Karnataka High Court

Khadir Saheb Jaffar Saheb Nagarboudi ... vs Amin Saheb Hussain Saheb Inamdar And ... on 6 October, 1980

Equivalent citations: AIR1981KANT89, ILR1981KAR344, 1981(1)KARLJ321, AIR 1981 (NOC) 89 (KAR), (1981) SERVLJ 529, ILR (1981) 1 KANT 342, (1981) 1 SERVLR 469, (1981) 1 KANT LJ 321

JUDGMENT

1. This appeal by the original defendant No. 3 is directed against the judgment and decree dated 15-11-1973 passed by the learned Additional Civil Judge, Bijapur, in R. A. No. 175 of 1972 on his file, allowing the appeal of the plaintiff on reversing the judgment and decree dated 29-8-1972 passed by the teamed Munsiff, Bijapur in O. S. 16 of 1967, on his file, dismissing the suit of the plaintiff for specific performance of contract to sell the suit land in favour of the plaintiff.

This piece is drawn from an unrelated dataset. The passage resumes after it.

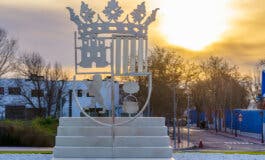 Torrejón de Ardoz inaugura una nueva escultura tridimensional que representa el escudo de la ciudad 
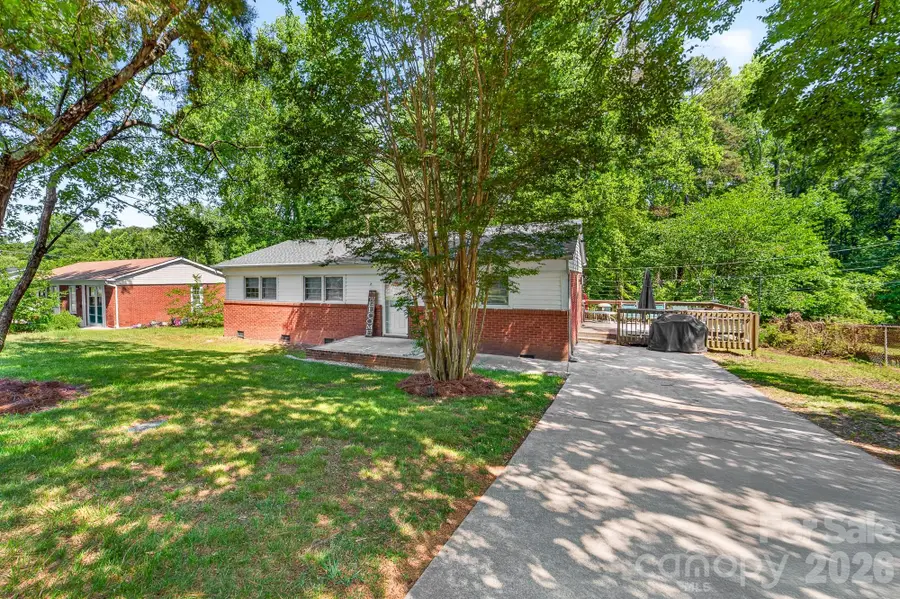 402 Wooddale Drive, Dallas, NC 28034 - #2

2. The plaintiff sued for specific performance of contract of sale under Ext. P-1 of Sy. No. 167/2 of Mahalbagayat, Bijapur and for its possession or in the alternative for recovery of Rs. 2,000/- with future interest from the defendants. The suit land, according to him, belonged to defendants 1 and 2 who agreed to sell the same to him for Rs. 5,000/- on 31-10-1965 and received Rs. 1,000/- from him as advance with a condition that the balance should be paid within four months and they executed an agreement as per Ext. P-1 on that date. It was agreed that if they failed to execute the sale deed, they should return the advance of Rs. 1,000/- plus damages of Rs. 1,000/- to the plaintiff and this condition was in addition to and not in derogation of plaintiff's right to claim specific performance of contract The plaintiff gave registered notice to defendants 1 and 2 on 21-2-1966 calling upon them to receive the balance amount of Rs. 4,000/- and to execute the sale deed and the same was refused and was returned unserved. Later defendants 1 and 2 executed the sale deed of the suit land in favour of defendant No. 3 on 9-3-1966 for Rs. 6,300/- but mentioned in the sale deed only Rs. 5,000/- as the consideration. The suit land appears to have been mortgaged with possession to the father of defendant No. 4 who in turn appears to have leased out a portion of 6 acres to defendant No. 3 for a period of 10 years. The remaining portion of 2 acres 15 guntas was in possession of defendant No. 4 and a litigation appears to be pending between him and defendant No. 4.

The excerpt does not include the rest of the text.